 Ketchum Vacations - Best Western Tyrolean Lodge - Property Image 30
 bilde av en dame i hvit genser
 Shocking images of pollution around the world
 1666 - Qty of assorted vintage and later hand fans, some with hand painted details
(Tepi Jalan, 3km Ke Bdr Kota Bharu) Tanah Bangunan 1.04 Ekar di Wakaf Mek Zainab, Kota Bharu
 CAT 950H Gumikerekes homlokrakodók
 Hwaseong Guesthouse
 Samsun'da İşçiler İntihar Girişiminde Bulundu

#####

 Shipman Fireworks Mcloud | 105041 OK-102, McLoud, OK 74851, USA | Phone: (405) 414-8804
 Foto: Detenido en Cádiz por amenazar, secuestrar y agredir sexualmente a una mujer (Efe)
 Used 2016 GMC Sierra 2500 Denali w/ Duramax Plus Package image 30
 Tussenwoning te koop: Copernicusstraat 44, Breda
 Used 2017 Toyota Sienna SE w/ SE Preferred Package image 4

#####

## Directions
Which lines of the entries above contain the string "Used"? Copy each one.

## The completed task
 Used 2016 GMC Sierra 2500 Denali w/ Duramax Plus Package image 30
 Used 2017 Toyota Sienna SE w/ SE Preferred Package image 4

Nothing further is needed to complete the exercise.